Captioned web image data
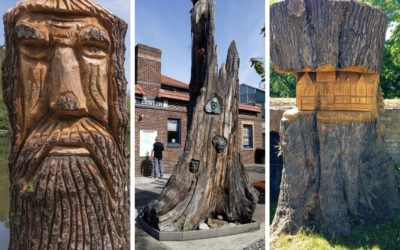 A fallen and removed tree repurposed and sculpted to become furniture design.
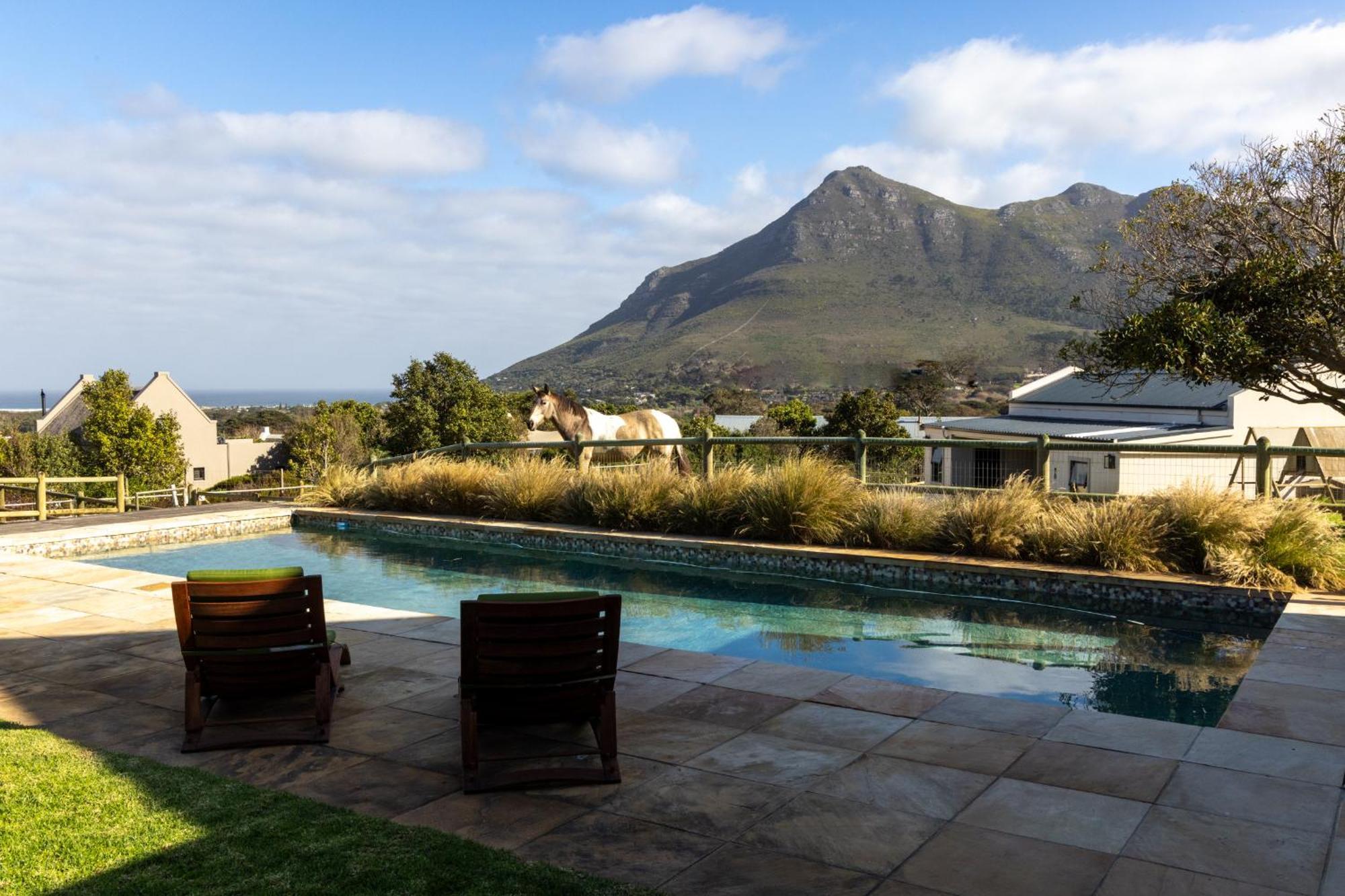 Serene, Thatched Apartment In Noordhoek, Cape Town Ngoại thất bức ảnh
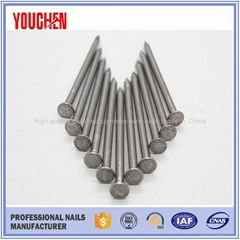 Low price common wire nails made in China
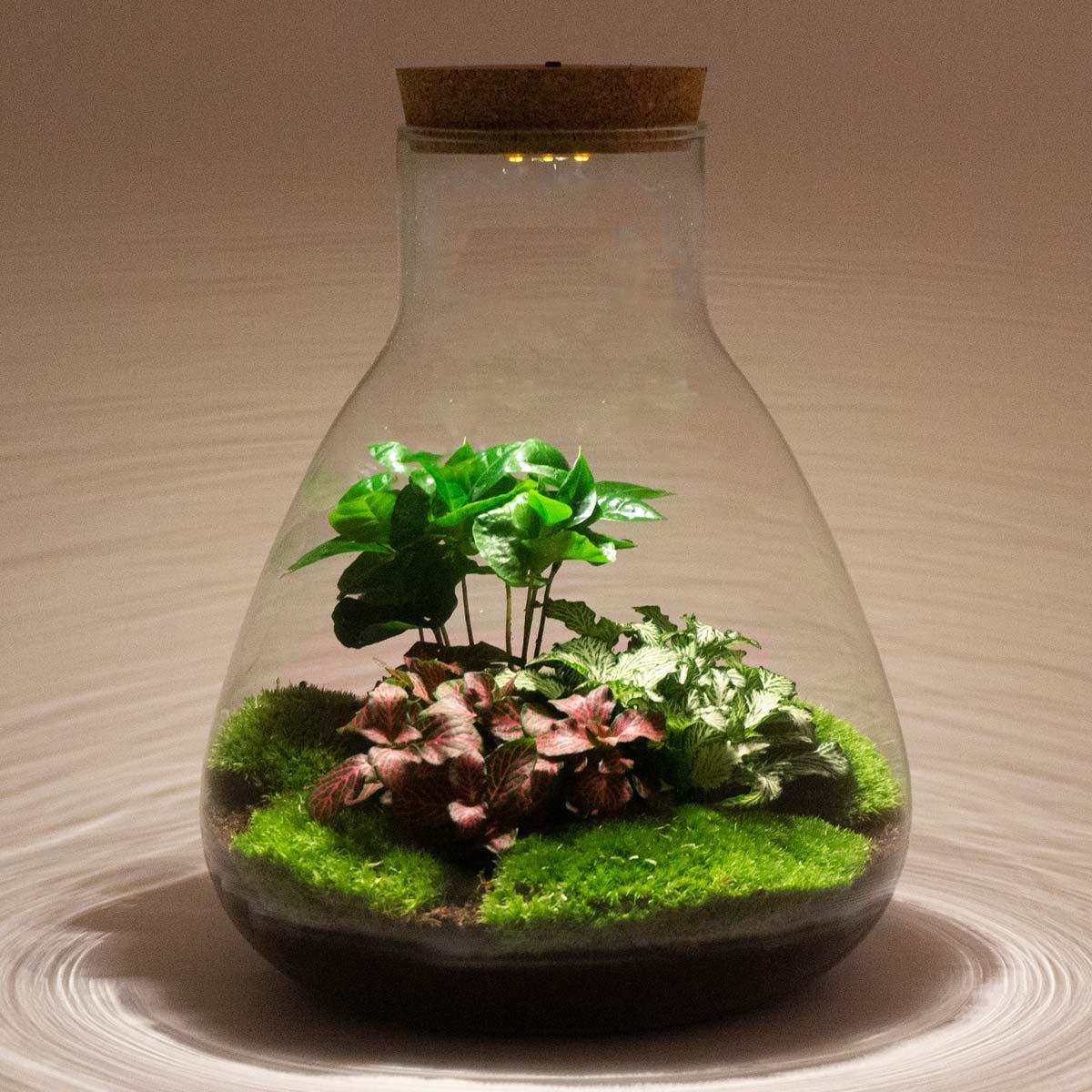 DIY Planten terrarium met licht - Sam Calathea - Ø 24,5 cm ↑ 30 cm - No tools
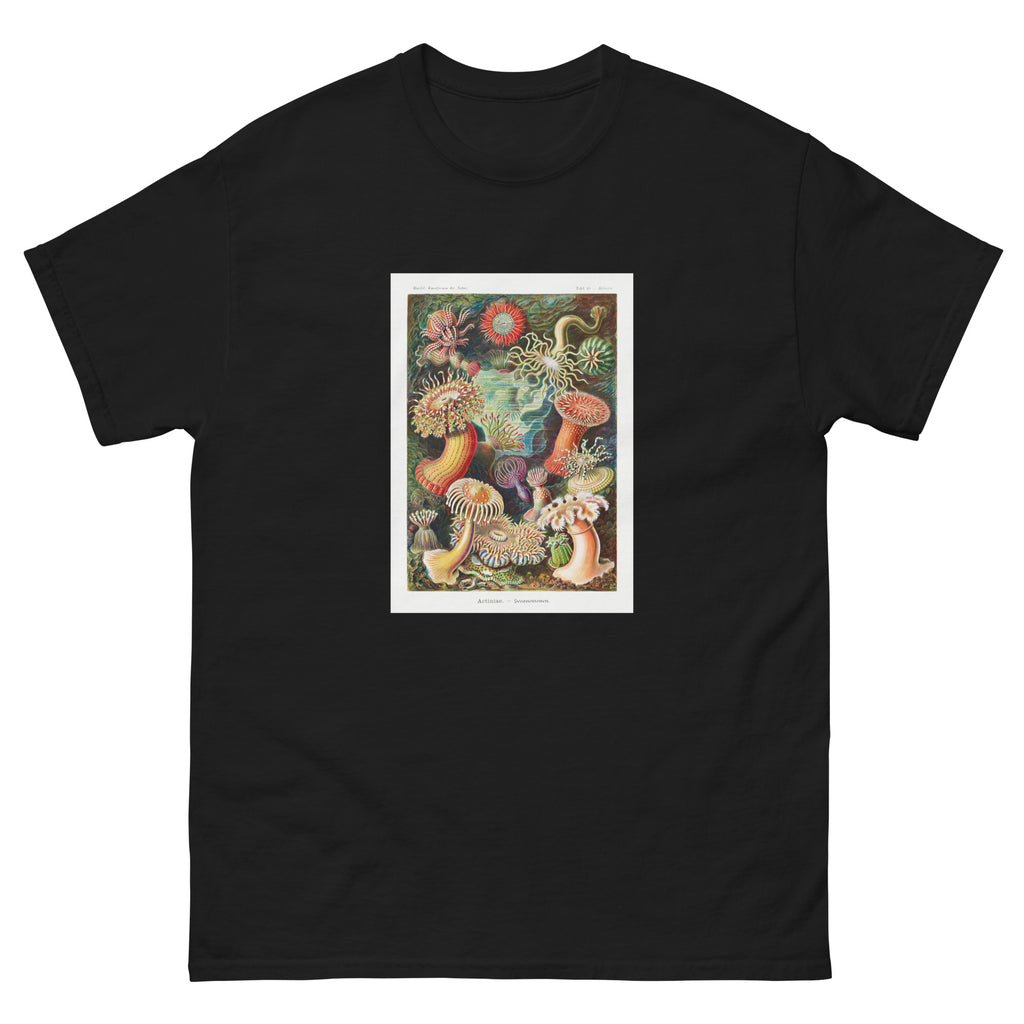 Black T-shirt Actiniae Seeanemonen Essential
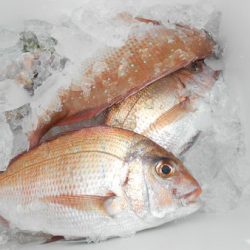 こうゆう丸 釣果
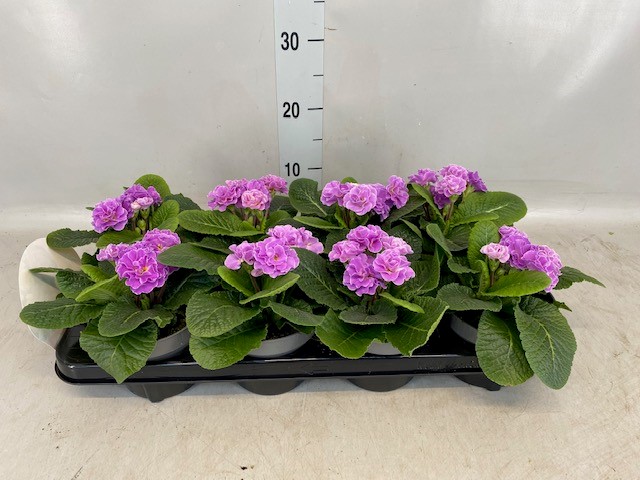 Bild på Krukväxter Primula Ac Queen  *8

WHAT THIS TASK INVOLVES
Please return, without any change, the lines from the line containing "Serene, Thatched Apartment" through the last line of the entries, dropping the pictures.

EXERCISE RESPONSE
 Serene, Thatched Apartment In Noordhoek, Cape Town Ngoại thất bức ảnh
 Low price common wire nails made in China
 DIY Planten terrarium met licht - Sam Calathea - Ø 24,5 cm ↑ 30 cm - No tools
 Black T-shirt Actiniae Seeanemonen Essential
 こうゆう丸 釣果
 Bild på Krukväxter Primula Ac Queen  *8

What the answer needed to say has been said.